Twenty years ago, when TCM was more flush with money, one of the things they did was to have a young film composers' competition in which the winner won the chance to score a silent picture that had an extant print, but no accompanying score. One of the silents that was reintroduced to the world in this way was The Red Lily. The last time it showed up on Silent Sunday Nights, I recorded it, and recently, I finally watched it.
Ramon Novarro is the star here, playing Jean Leonnec, who is the son of the mayor of a small town in western France. He's in love with Marise (Enid Bennett), daughter of the local cobbler. They're even thinking of getting married, at least until Marise's father summarily dies. She's sent to live with her nearest relatives, who treat her like dirt to the point that she wants to escape, even in the middle of a driving rain storm. She meets up with Jean again, but his dad doesn't approve of their relationshp.
So the two young lovers leave for Paris, and just as they're leaving, Jean's dad discovers that there's money missing from the municipal safe, which to him obviously means that his own son must have stolen the money. The lovers reach Paris; at the train station, Jean looks for an information booth to find out where they can go to get married. Instead, he's approached by a couple of gendarmes who inform him he's accused of larceny back in his home town and he's going to have to go with them. He doesn't even get a chance to inform Marise of this, so she sits for hours at the train station waiting for Jean to come back.
Eventually, we learn that the real thief admitted his crime back in the small town, but Jean escaped from the train before he discovered this, so for the rest of the movie he thinks he's a fugitive. Marise, meanwhile, needs a job. She's able to get one in a factory at first, but circumstances turn against her and she eventually turns to prostitution, because the movie insists on piling on more and more for the two lovers to overcome.
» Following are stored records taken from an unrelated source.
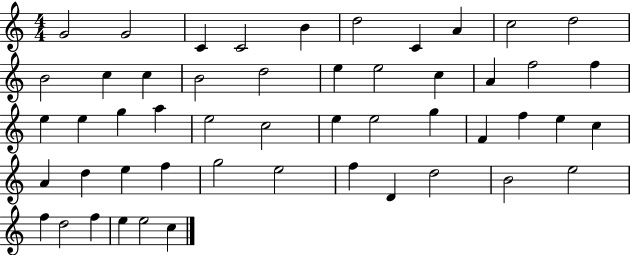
X:1
T:Untitled
M:4/4
L:1/4
K:C
G2 G2 C C2 B d2 C A c2 d2 B2 c c B2 d2 e e2 c A f2 f e e g a e2 c2 e e2 g F f e c A d e f g2 e2 f D d2 B2 e2 f d2 f e e2 c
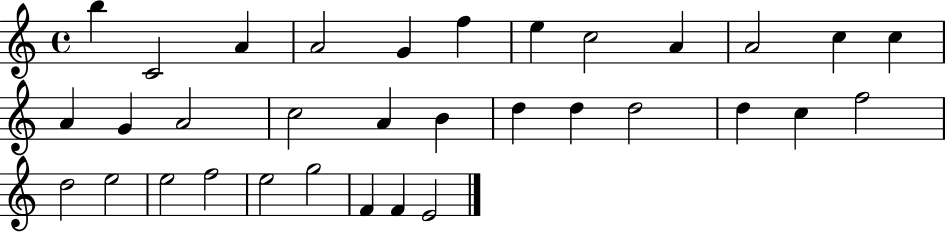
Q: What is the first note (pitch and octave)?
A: B5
Jean makes it back to Paris, always living in the shadows, when he mets Bo-Bo (Wallace Beery), part of the gang of thieves that populated Paris of this era, at least in the imaginations of writers. Jean keeps looking for Marise while trying to stay one step ahead of the police. But what's going to happen if he finally meets her and discovers that she's been forced to turn to prostitution?
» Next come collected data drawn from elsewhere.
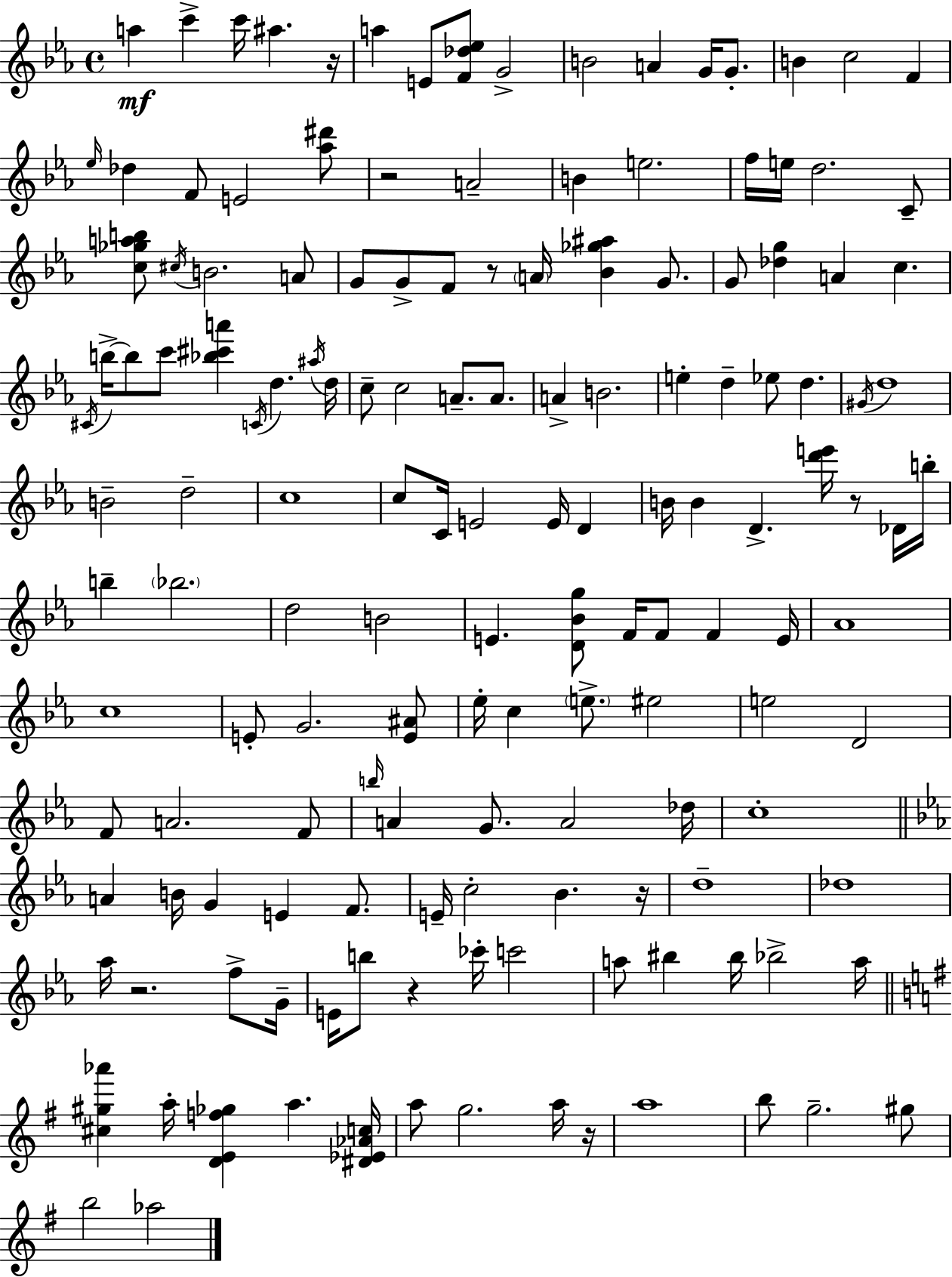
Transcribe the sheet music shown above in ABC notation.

X:1
T:Untitled
M:4/4
L:1/4
K:Eb
a c' c'/4 ^a z/4 a E/2 [F_d_e]/2 G2 B2 A G/4 G/2 B c2 F _e/4 _d F/2 E2 [_a^d']/2 z2 A2 B e2 f/4 e/4 d2 C/2 [c_gab]/2 ^c/4 B2 A/2 G/2 G/2 F/2 z/2 A/4 [_B_g^a] G/2 G/2 [_dg] A c ^C/4 b/4 b/2 c'/2 [_b^c'a'] C/4 d ^a/4 d/4 c/2 c2 A/2 A/2 A B2 e d _e/2 d ^G/4 d4 B2 d2 c4 c/2 C/4 E2 E/4 D B/4 B D [d'e']/4 z/2 _D/4 b/4 b _b2 d2 B2 E [D_Bg]/2 F/4 F/2 F E/4 _A4 c4 E/2 G2 [E^A]/2 _e/4 c e/2 ^e2 e2 D2 F/2 A2 F/2 b/4 A G/2 A2 _d/4 c4 A B/4 G E F/2 E/4 c2 _B z/4 d4 _d4 _a/4 z2 f/2 G/4 E/4 b/2 z _c'/4 c'2 a/2 ^b ^b/4 _b2 a/4 [^c^g_a'] a/4 [DEf_g] a [^D_E_Ac]/4 a/2 g2 a/4 z/4 a4 b/2 g2 ^g/2 b2 _a2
The Red Lily is relentlessly melodromatic, at least until the final reel, in that it makes the situation worse and worse for the seemingly doomed young lovers. In that regard, the plot is ridiculous, although I suppose it may have been the sort of material that audiences of the day absolutely loved. While this sort of story line isn't quite my cup of tea, I do have to say that in terms of the acting and the technical aspects of filmmaking, The Red Lily is definitely very well made. It's definitely worth a watch.